* _Problem to solve_:
Scan the entries below line by line and state how many lines contain the string "Toyota", giving only the number.

Dataset excerpts:

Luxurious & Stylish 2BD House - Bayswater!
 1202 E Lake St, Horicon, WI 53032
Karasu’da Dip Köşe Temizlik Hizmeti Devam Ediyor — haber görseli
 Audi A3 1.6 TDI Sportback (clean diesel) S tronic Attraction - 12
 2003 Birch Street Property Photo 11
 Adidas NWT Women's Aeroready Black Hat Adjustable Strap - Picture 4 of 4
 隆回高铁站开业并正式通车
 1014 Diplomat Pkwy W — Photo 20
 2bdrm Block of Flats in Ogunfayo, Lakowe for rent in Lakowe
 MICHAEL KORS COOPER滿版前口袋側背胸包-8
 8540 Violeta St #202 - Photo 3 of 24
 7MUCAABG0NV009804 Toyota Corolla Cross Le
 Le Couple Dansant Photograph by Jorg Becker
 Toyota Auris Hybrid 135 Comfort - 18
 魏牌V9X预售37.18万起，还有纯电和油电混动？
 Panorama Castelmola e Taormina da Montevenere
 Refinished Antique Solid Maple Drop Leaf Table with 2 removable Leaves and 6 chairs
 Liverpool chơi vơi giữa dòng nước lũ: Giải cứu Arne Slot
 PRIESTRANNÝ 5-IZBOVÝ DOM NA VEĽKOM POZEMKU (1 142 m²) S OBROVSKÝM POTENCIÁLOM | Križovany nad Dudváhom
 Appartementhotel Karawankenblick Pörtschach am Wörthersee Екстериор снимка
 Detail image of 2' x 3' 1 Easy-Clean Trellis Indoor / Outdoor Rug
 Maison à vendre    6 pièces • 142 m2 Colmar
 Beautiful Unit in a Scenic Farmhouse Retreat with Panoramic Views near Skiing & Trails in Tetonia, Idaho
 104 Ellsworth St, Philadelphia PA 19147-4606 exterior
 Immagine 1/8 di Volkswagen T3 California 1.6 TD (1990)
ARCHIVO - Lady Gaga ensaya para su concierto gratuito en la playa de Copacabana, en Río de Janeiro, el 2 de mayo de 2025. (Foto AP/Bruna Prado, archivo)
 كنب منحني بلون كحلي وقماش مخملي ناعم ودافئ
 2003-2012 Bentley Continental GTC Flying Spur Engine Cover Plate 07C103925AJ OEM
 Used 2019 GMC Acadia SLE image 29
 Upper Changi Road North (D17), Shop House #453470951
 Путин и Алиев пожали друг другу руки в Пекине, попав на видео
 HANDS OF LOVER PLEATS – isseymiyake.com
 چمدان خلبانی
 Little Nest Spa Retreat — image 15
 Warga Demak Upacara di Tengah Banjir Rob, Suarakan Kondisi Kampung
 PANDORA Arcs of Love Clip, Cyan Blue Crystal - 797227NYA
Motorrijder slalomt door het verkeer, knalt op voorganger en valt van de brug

* _Task response_:
2